==== Data provided

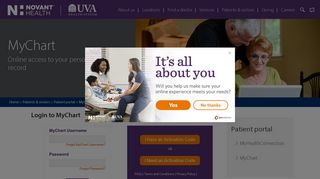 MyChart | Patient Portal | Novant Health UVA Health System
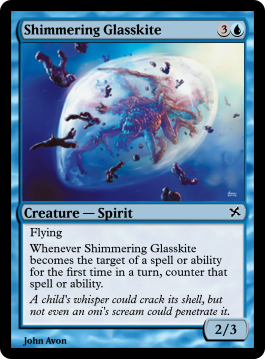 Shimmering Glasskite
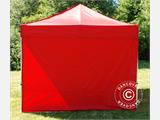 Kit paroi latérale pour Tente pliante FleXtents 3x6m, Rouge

========
==== Data provided

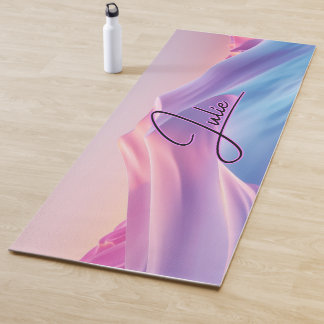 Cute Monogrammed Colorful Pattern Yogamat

========

**Task details:** Please copy the lines above exactly, starting at the line that holds "MyChart | Patient" and ending at the line that holds "Kit paroi latérale"; include both, but no pictures.

**Solution for this problem:**
 MyChart | Patient Portal | Novant Health UVA Health System
 Shimmering Glasskite
 Kit paroi latérale pour Tente pliante FleXtents 3x6m, Rouge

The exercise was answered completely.